In colonial and revolutionary Virginia, James Madison argued for the “free exercise” of religion and Thomas Jefferson opposed the “establishment” or government support of religion. Such measures were included in the U.S. Constitution, particularly in the Bill of Rights. In the 18th century, Alexis de Tocqueville toured the United States and observed that such religious freedoms increased citizens’ interaction with and support for religious institutions. The scope of “free exercise” and “establishment” continue to animate debates in contemporary America.
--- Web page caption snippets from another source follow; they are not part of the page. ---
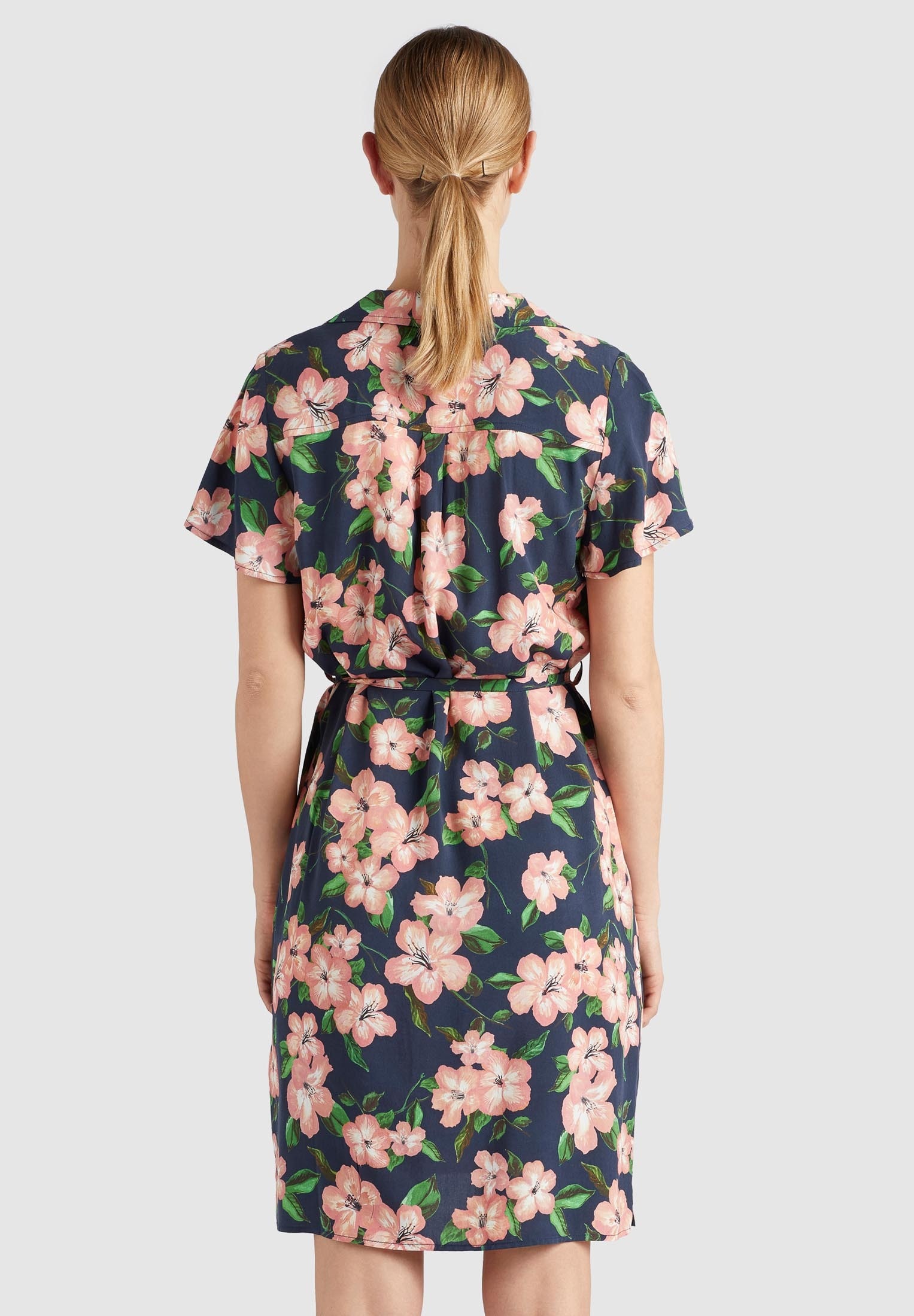 khujo Blusenkleid »khujo Kleid ELIZAVETA«, mit abnehmbarem Stoffgürtel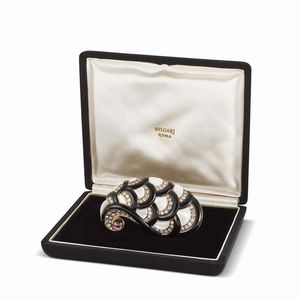 bulgari : BULGARI SPILLA A FORMA DI PIUMA  - Asta Gioielli - Associazione Nazionale - Case d'Asta italiane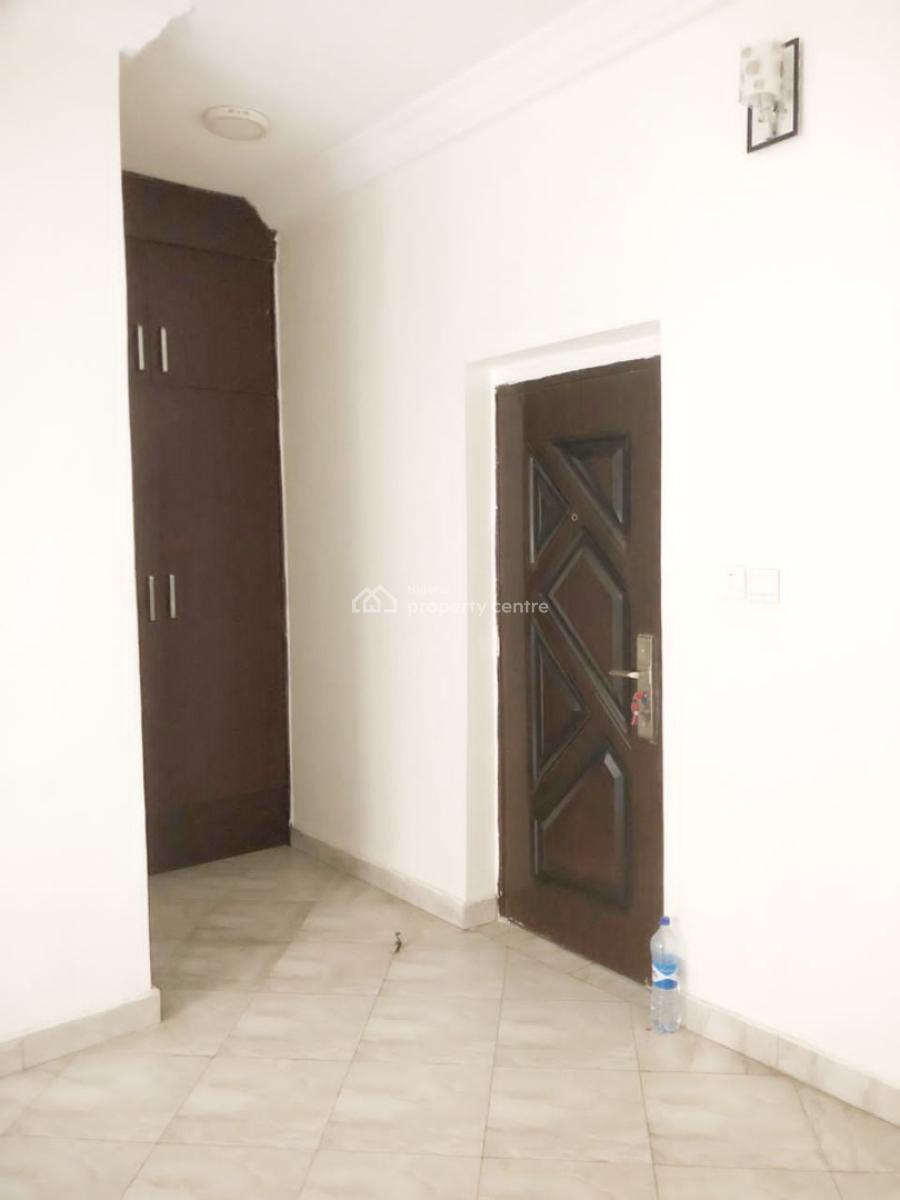 Well Maintained & Spacious 3 Bedroom Flat, Millennium Estate, Gbagada, Lagos, Flat / Apartment for Rent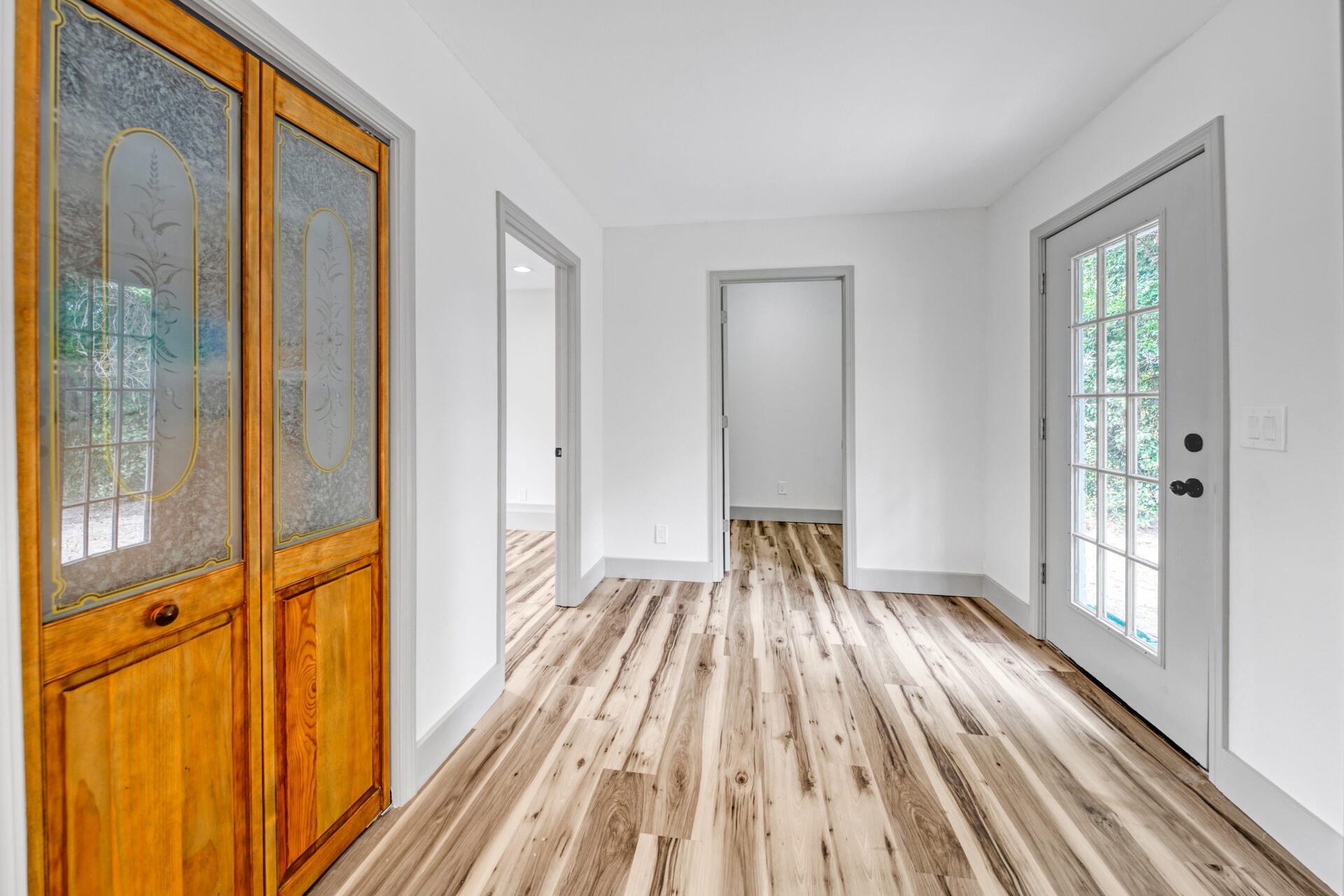 CAROL ANNE MANOR - Residential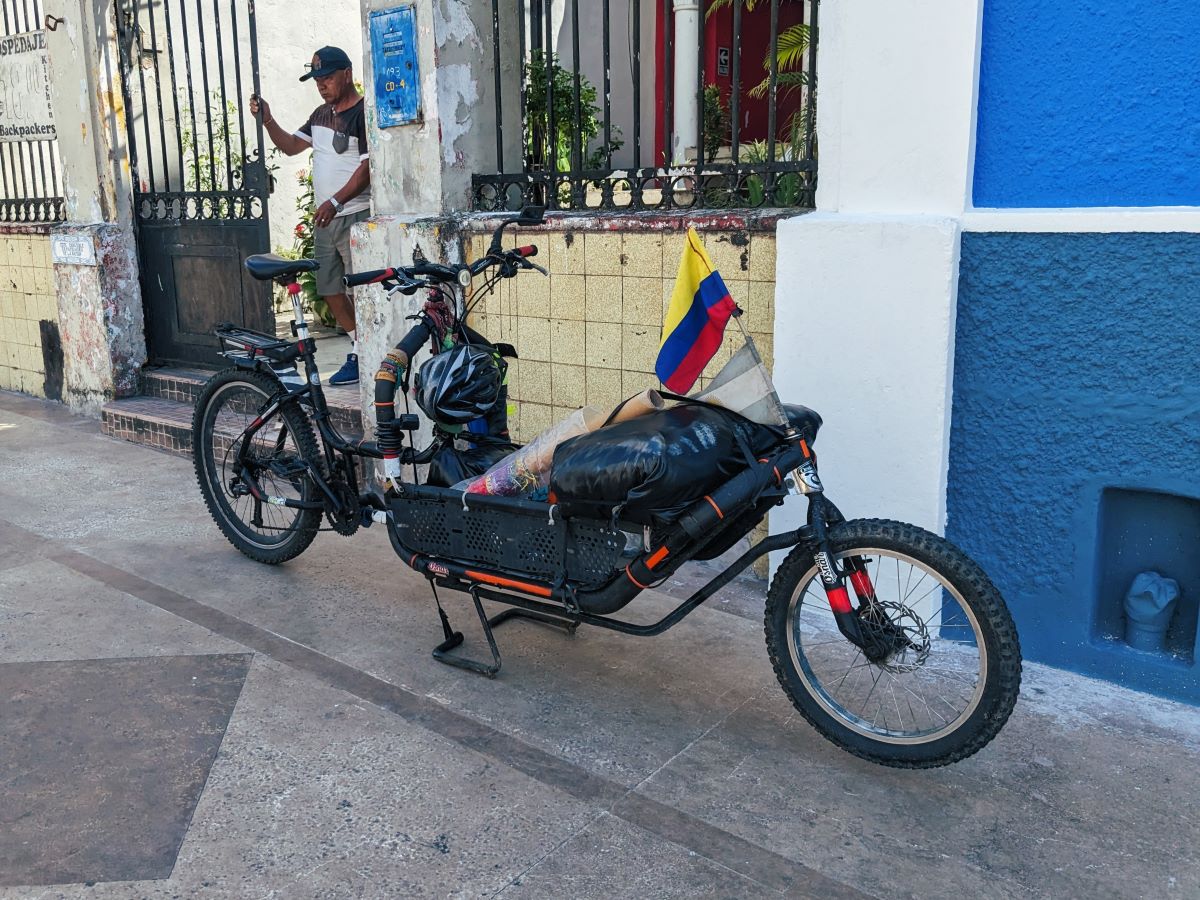 荷物をたくさん積める旅自転車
America’s war of independence was about liberty—political liberty, civil liberty, and religious liberty. Following the revolution, America developed a radical new framework for building a nation out of peoples who differed, sometimes intensely, in matters of religious conscience. The sixth article of the U.S. Constitution set forth the principle that there would be no religious test for those holding public office. The First Amendment of the Bill of Rights stated that there would be no “establishment” of religion and that the “free exercise” of religion would be guaranteed to all.
The roots of America’s bold affirmation of religious freedom can be traced to Virginia, where the Church of England had been the established state church, receiving special government support and privileges. Virginia had been severe in enforcing restrictions against religious “dissenters.” But in 1776, its legislature passed the Virginia Declaration of Rights, which included an amendment supporting the “fullest toleration in the exercise of religion according to the dictates of conscience.”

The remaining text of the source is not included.